It was during the Battle of Leyte Gulf that Japanese naval
airmen first adopted kamikaze tactics. On 19 October 1944, Admiral Takijira
Ohnishi, commander of the First Air Fleet, suggested to commanders based at
Mabalacat airfield in the Philippines that “the only way of assuring that our
meagre strength will be effective to a maximum degree” would be “to organize
suicide attack units… with each plane to crash-dive into an enemy carrier.”
Twenty-six pilots enthusiastically volunteered to form the first “special
attack unit”. They were dubbed kamikaze (“divine wind”) after a typhoon that
had miraculously saved Japan from Mongolian invasion in the 13th century.
Nothing was spared in the effort to bolster morale in men
effectively condemned to death. Ohnishi assured them that they were “already
gods, without earthly desires”. A ritual was improvised just before take-off:
the kamikaze pilots drank a glass of water or sake, sang a traditional martial
song, and donned the hachimaki headband once worn by the samurai. Thus
encouraged, they went off to die for the emperor. On 25 October, a kamikaze
pilot crashed a Mitsubishi Zero through the flightdeck of the escort carrier St
Lo, dowsing the hangars in burning gasoline that ignited stored ammunition.

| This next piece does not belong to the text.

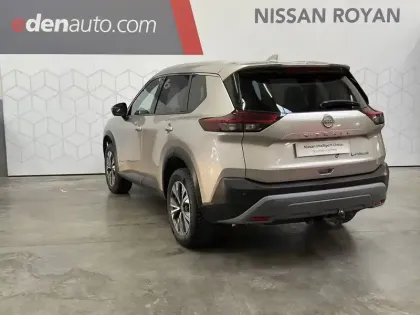 Photo 9 Nissan X-trail  e-POWER 204 ch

Ripped apart by a violent explosion, the St Lo sank within an hour. It was a
notable success for Japan amid abject failure. Over the following months,
kamikaze tactics were adopted throughout the now land-based Japanese naval air
force and the army air force.
There was a clear military logic to turning their aircraft
into manned, guided missiles. Technologically inferior to the Americans and
forced to throw poorly trained pilots into battle, the Japanese could see no
other way of reaching and hitting their targets. Japan’s airmen had been flying
off in their hundreds to die for the emperor without inflicting the slightest
damage on the US fleet. Now they would still die, but not in vain. Kamikaze
pilots were presented as an elite who proved through their sacrifice the
superiority of the Japanese warrior spirit even in defeat.

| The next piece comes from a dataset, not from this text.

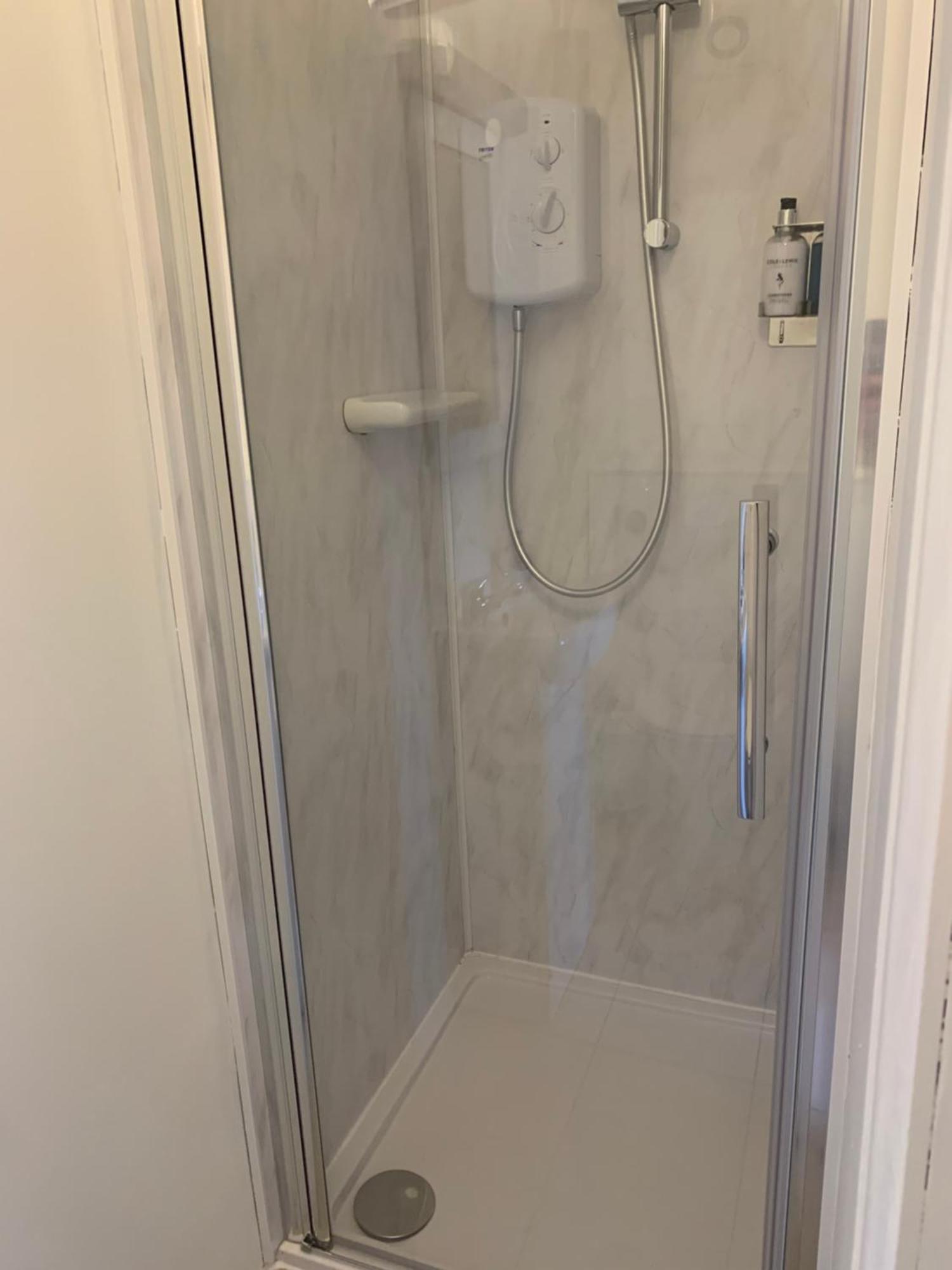 קאמברידג' Parkview Guesthouse מראה חיצוני תמונה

The reality was different. As soon as kamikaze attacks
became a general tactic, it was obvious that suicide missions would be an
absurdly quick way of using up the limited number of experienced pilots.

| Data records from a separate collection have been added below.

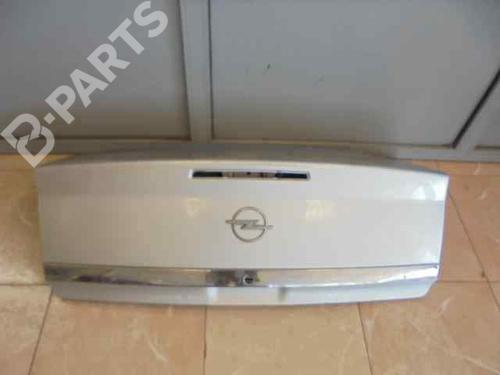 Bagklap CC/Kombi-Coupé OPEL VECTRA C (Z02) 2.2 DTI 16V (F69) (125 hp) 5949884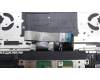 Lenovo 5CB1L80274 COVER Upper Case ASM_CZE/SLKH82Y8STGY PS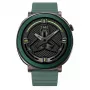 HIFUTURE Smartwatch Aurora AMOLED AI Green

Inevitably, the suicide planes were entrusted to second-raters, dispensable and
in more plentiful supply. The experienced pilots flew escort, using their
skills to fend off the American fighters. So even in the early days, when
suicide attacks were carried out by small groups of aircraft, the kamikaze
pilot was hardly a member of an elite.
By April 1945, Japanese commanders were herding idealistic
young men to slaughter in droves. As the Americans began their invasion of
Okinawa, a force of over 2,000 aircraft dedicated to suicide attacks was
assembled on the southern Japanese island of Kyushu under the command of
Admiral Matome Ugaki. They were launched in mass attacks on the US fleet,
hundreds of planes at a time attempting to overwhelm the American defences. The
pilots for these kikusui (“floating chrysanthemum”) raids were often recently
drafted students who barely knew how to fly. Kanoya, the main naval air-force
base on Kyushu, was under constant threat from B-29 bomber raids. The pilots
were housed in half-ruined buildings, bedding down on the bare floor. In these
uncomfortable and insecure surroundings, they awaited their first and last
mission, most convinced that their death would be honourable and worthwhile.
Kamikaze legacy
Kamikaze attacks undeniably had both a psychological and
physical impact on the US fleet. The bewilderment and sheer terror experienced
by American sailors when they first encountered suicide bombing cannot be
quantified, although it never undermined their disciplined response. The
physical damage inflicted is reckoned at 34 vessels sunk and 288 damaged – a
considerable battering for the US Navy and, in the later stages, its British
allies. After the war, the US Strategic Bombing Survey concluded that if the
attacks had been carried out “in greater power and concentration they might
have been able to cause us to withdraw…”. But Japan did not have the resources
to sustain mass suicide bombing for long. Whereas on 6 and 7 April 1945, at the
height of the kamikaze frenzy, more than 300 planes a day attacked the US
fleet, by June the Japanese were hard pressed to find 50 aircraft for a raid.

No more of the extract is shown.